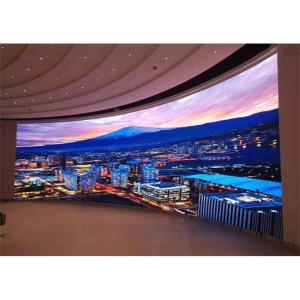 China SDK Movie Virtual Production Screen Multipurpose IP65 160x320mm factory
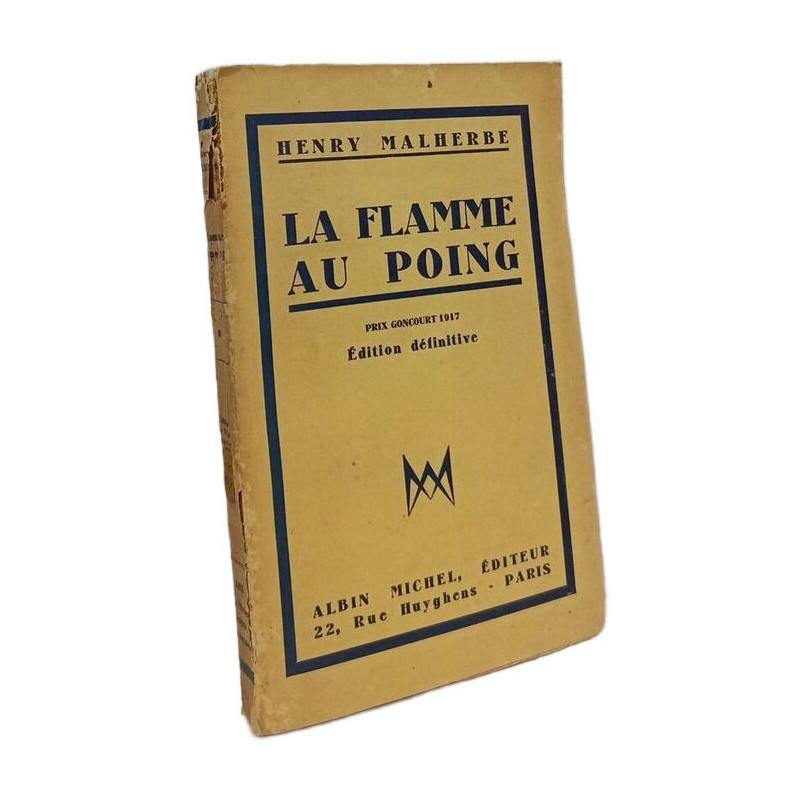 La Flamme au Poing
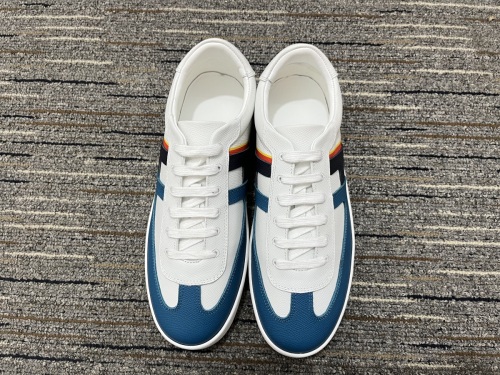 Women H*ermes Top Sneaker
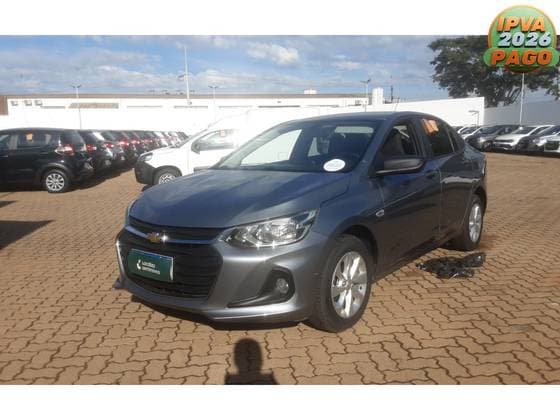 Carro 1.0 TURBO FLEX PLUS LTZ AUTOMÁTICO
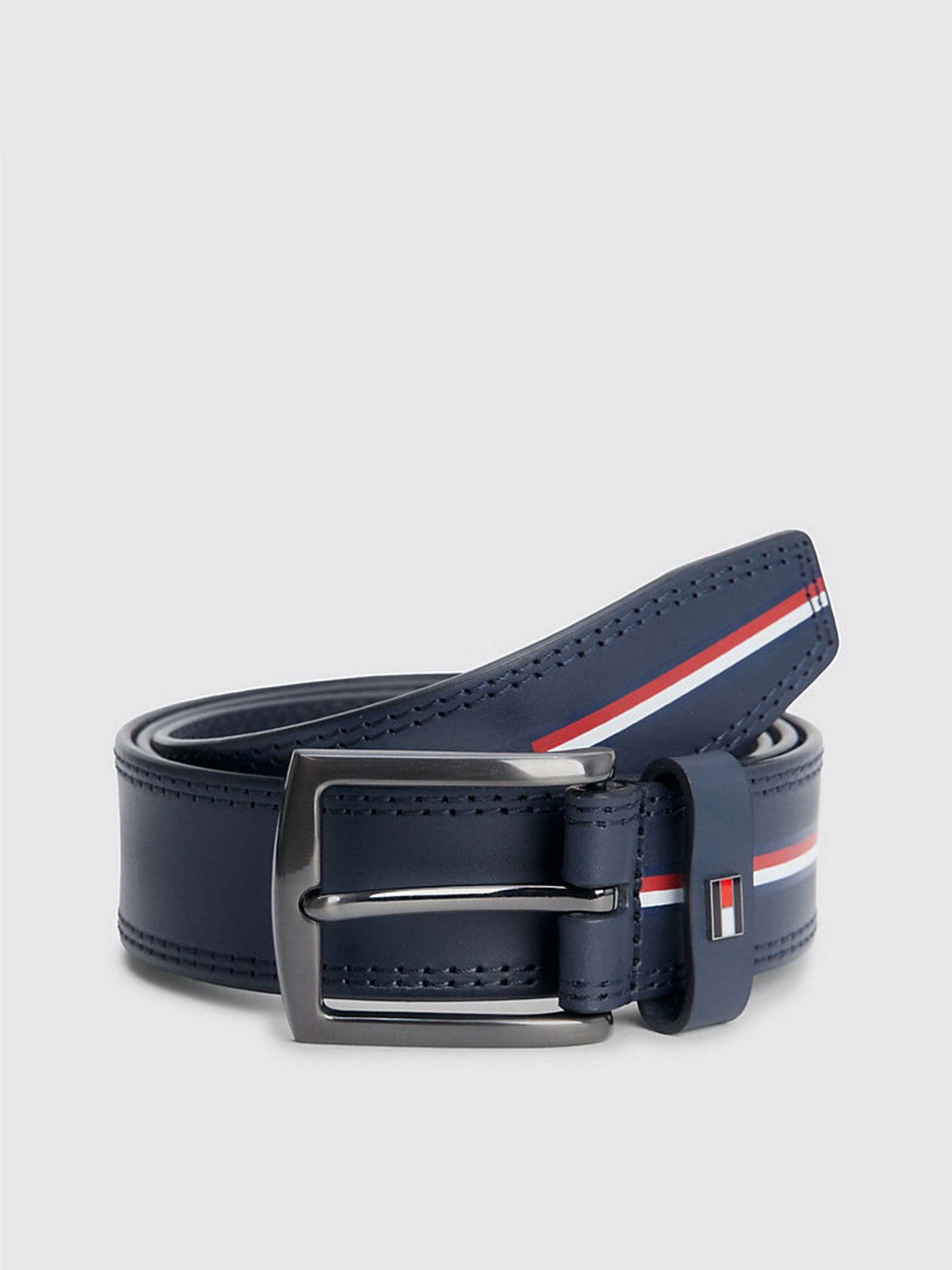 Ремни Tommy Hilfiger Denton Corporate модель AM0AM11226-DW6 Фото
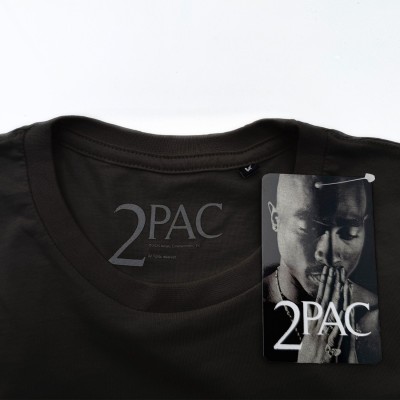MAGLIA T SHIRT TUPAC ALL EYEZ ON ME
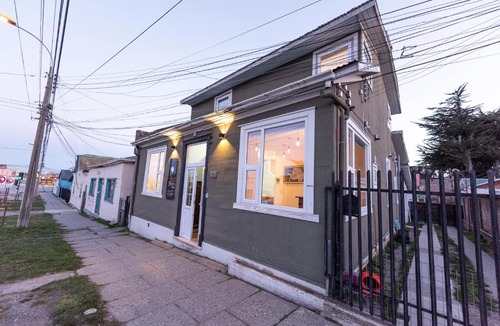 Punta Arenas House | HOSTAL BOUTIQUE TERRA ANTARCTICA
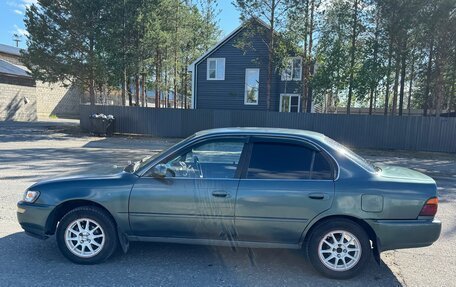 Toyota Corolla, 1992 год, 310 000 рублей, 7 фотография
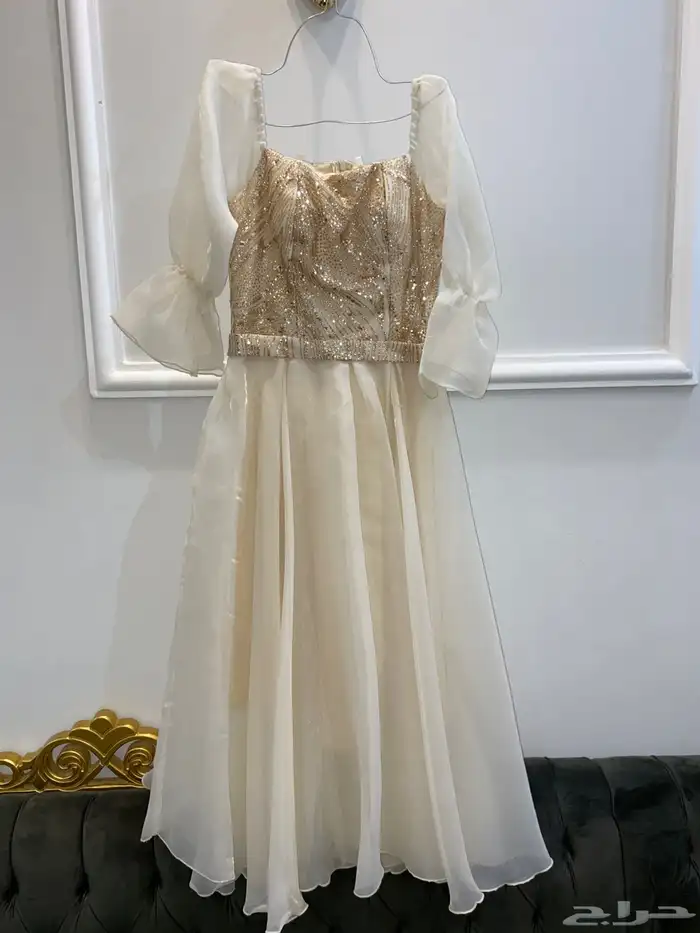 فساتين سهره للبيع 2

[ABOUT THIS TASK]: Give the data again exactly, without pictures.

[ANSWER FOR THIS EXERCISE]:
 China SDK Movie Virtual Production Screen Multipurpose IP65 160x320mm factory
 La Flamme au Poing
 Women H*ermes Top Sneaker
 Carro 1.0 TURBO FLEX PLUS LTZ AUTOMÁTICO
 Ремни Tommy Hilfiger Denton Corporate модель AM0AM11226-DW6 Фото
MAGLIA T SHIRT TUPAC ALL EYEZ ON ME
 Punta Arenas House | HOSTAL BOUTIQUE TERRA ANTARCTICA
 Toyota Corolla, 1992 год, 310 000 рублей, 7 фотография
 فساتين سهره للبيع 2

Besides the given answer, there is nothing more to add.